Julia Pajevska: Je suis ravie, mais je suis aussi inquiète pour les garçons et les filles qui sont restés. J’essaie de faire tout ce qui est en mon pouvoir pour qu’eux aussi puissent être libérés le plus rapidement possible par un échange de prisonniers.
Vous étiez à Marioupol quand la guerre a commencé. Comment êtes-vous arrivée là-bas ?

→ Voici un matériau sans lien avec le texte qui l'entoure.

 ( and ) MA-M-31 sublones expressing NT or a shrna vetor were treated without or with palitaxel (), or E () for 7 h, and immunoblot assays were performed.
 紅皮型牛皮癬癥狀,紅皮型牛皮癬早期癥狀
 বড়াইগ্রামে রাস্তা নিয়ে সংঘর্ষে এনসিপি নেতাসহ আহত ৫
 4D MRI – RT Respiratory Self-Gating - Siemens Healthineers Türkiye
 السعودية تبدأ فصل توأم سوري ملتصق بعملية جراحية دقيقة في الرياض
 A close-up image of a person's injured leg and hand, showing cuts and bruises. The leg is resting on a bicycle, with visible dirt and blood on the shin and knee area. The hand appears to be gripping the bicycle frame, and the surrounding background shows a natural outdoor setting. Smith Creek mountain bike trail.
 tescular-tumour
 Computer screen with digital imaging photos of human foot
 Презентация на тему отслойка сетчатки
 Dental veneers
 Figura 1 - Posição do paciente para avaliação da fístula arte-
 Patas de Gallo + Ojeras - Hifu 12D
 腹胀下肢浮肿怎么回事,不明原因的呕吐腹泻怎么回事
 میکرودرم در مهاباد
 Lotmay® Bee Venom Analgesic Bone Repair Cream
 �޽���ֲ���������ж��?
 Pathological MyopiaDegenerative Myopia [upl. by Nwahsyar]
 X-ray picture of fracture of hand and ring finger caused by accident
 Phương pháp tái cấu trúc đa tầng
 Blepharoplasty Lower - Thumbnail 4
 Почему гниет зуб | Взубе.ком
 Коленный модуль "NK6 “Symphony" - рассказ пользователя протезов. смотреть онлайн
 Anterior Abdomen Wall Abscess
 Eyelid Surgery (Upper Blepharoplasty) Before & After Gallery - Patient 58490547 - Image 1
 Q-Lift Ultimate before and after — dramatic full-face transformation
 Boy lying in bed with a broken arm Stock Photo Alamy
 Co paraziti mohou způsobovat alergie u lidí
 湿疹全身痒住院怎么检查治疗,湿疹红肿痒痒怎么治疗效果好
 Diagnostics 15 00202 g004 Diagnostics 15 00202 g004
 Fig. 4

Je fournissais du matériel et des médicaments au personnel médical de la ville. Normalement, j’aurais dû l’envoyer par courrier, mais un de mes amis bénévoles était en route pour Marioupol et avait une place pour moi dans sa voiture avec des médicaments et du matériel. Je n’avais aucune intention de rester à Marioupol, je voulais revenir immédiatement, car je m’entraînais pour les Invictus Games. Je me doutais bien que la guerre allait éclater, mais je ne m’attendais pas à ce qu’elle soit si rapide et si violente.
Quand avez-vous décidé de filmer la guerre ?
La plupart des médecins au front utilisent des bodycams. Vous pouvez ensuite regarder les vidéos plus tard pour analyser si vous avez tout fait correctement. Mais à un moment donné, j’ai réalisé qu’il y avait beaucoup de vidéos et beaucoup de blessés. J’ai réalisé qu’il s’agissait d’un matériel historique, qui n’était pas seulement précieux sur le plan médical.
L’une des vidéos montre un petit garçon mourant à l’hôpital. Comment vous sentiez-vous à ce moment-là ?
La mort d’un enfant est incroyablement douloureuse. C’est une guerre insensée : des enfants meurent dans mes bras et je n’y peux rien.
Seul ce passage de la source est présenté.